So what does that mean for the cohort of DC characters established by Zack Snyder in 2013’s “Man of Steel” and 2016’s “Batman v. Superman: Dawn of Justice”? And is all of this related to total reboot of the franchise under new DC Studios bosses James Gunn and Peter Safran?

We’re going to attempt to get into all of that, including that wild ending. Ready to take a ride around the multiverse?

Major spoilers for “The Flash” follow.

What universe are we in at the beginning of the movie?

At the beginning of the movie we are still, firmly, in the present day of the universe created by Snyder, alternately called the “Snyderverse” or the “DC Extended Universe.” (By the way, “DCEU” is not an official term; it began as a joke by an EW writer, and neither Warner Bros. nor DC Studios have ever used it.).

The various members of the Justice League are mentioned early on and the first part of the film features appearances by Gal Gadot as Wonder Woman, Jeremy Irons as Alfred and Affleck as the embittered, middle-aged Batman inspired in part by by Frank Miller’s “The Dark Knight Returns” (And Jason Momoa as Aquaman also shows up in a post-credits bit.)

Okay what universe does the middle of “The Flash” take place?

When Barry travels back in time to try and prevent his mom’s murder, he is knocked out of the Snyderverse timeline by some evil force (more on him later) and ends up in an alternate 2013, where he encounters his younger self alongside his (still alive) mother and (not imprisoned) father. It turns out this is the universe of Tim Burton’s “Batman” (1989) and “Batman Returns” (1992), and Batman/Bruce Wayne — played of course by Michael Keaton — is older and even grumpier than Affleck’s Batman, though somehow funnier and sprightlier.

It turns out that Batman is this world’s only superhero. There’s no Superman because General Zod (Michael Shannon, last seen in “Man of Steel”) killed baby Kal-El as his pod was escaping the explosion that doomed planet Krypton. Instead it was Superman’s cousin, Kara Zor-El (Sasha Calle), who landed on Earth, only to be immediately imprisoned in a fortified Russian bunker, meaning she never had the chance to become Supergirl.

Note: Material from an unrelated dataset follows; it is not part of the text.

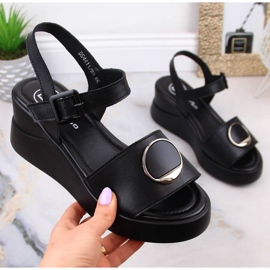 Sandalias con cuña de piel Filippo W DS4411 negro 1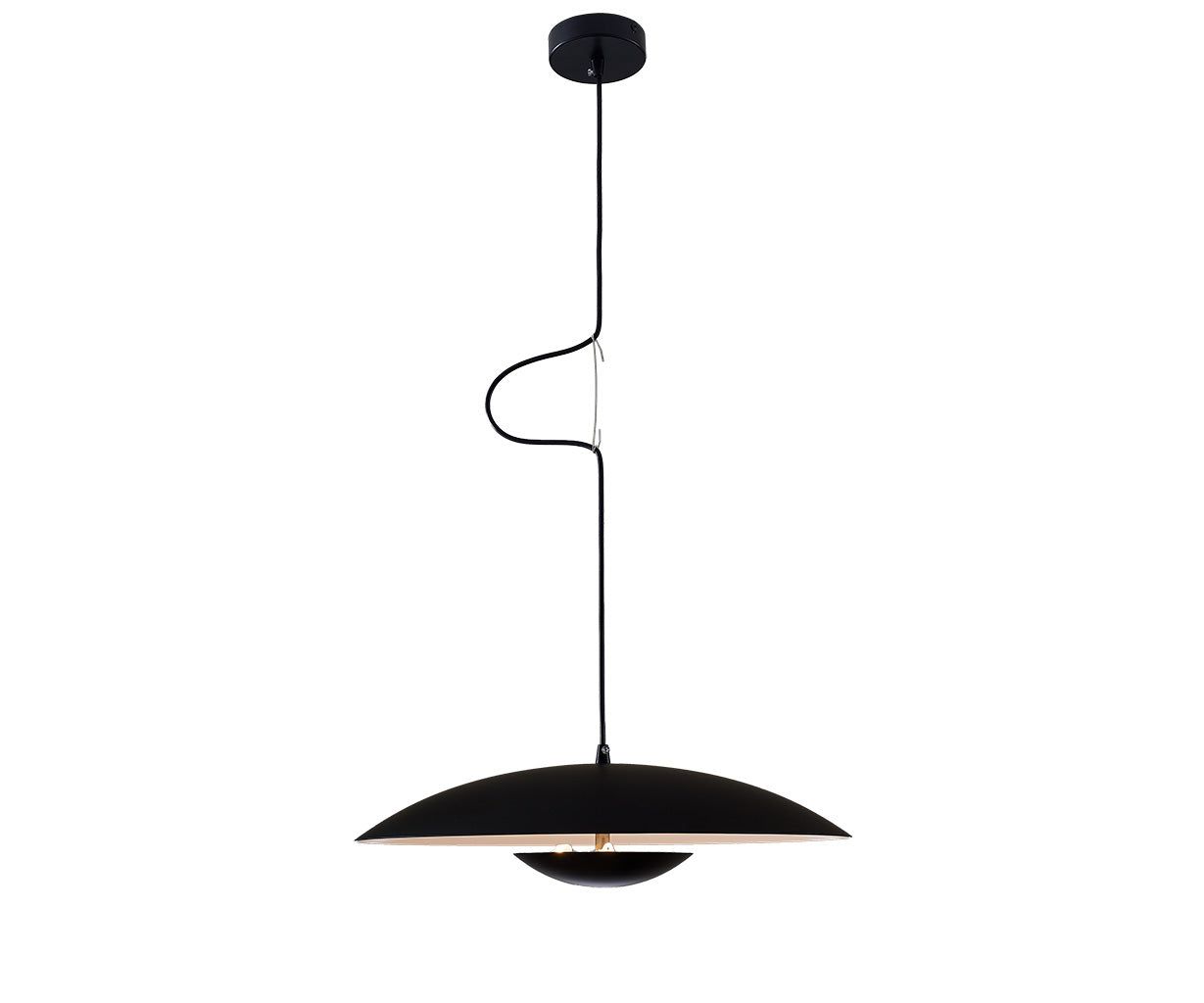 Pendant Light Satin Black/Satin White, Metal and Acrylic, Ø45 cm – Luma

Zod arrives on this Earth just as he did in “Man of Steel,” but this time without Superman to stop him. Batman, Snyderverse Barry and alternate-2013 Barry team up to rescue Kara and together, they take on Zod.

So what universe does the big climax to “The Flash” take place?

Here’s where things get tricky. Batman and Supergirl are killed during the big battle with Zod, so Barry repeatedly travels back in time in an effort to stop that from happening. He does it so many times, in fact, that he turns into a weird, goblin-type guy known as Dark Flash. Finally, Snyderverse Barry and 2013 Barry battle Dark Flash, while other corners of the DC multiverse intrude and are almost destroyed.

We see the other universes depicted as differently hued globes, with images on the outside sort of like a Zoetrope. And as the battle of the Flashes goes on, we see Christopher Reeve as Superman, who portrayed the character in 1978 and Helen Slater as Supergirl from 1984’s “Supergirl,” in one globe; in another globe we see Adam West from the old “Batman” TV show; another globe shows George Reeves from “Adventures of Superman.” There’s another globe with Nicolas Cage as Superman from a project that was never actually realized – Tim Burton’s “Superman Lives.”

(Cage’s Superman is even fighting a giant spider, a nod to the studio’s demands for “Superman Lives,” immortalized by the aborted film’s writer, Kevin Smith, in his 2002 stand up special.)

There might be more cameos that we missed, but these were the ones that stood out to us. It’s a pretty cool moment but it is also, like much of “The Flash,” utterly mystifying. The main thing is that it appears to establish that each iteration of these characters is its own separate universe. At any moment, characters could be grabbed from one of these alternate realities and inserted into the main story.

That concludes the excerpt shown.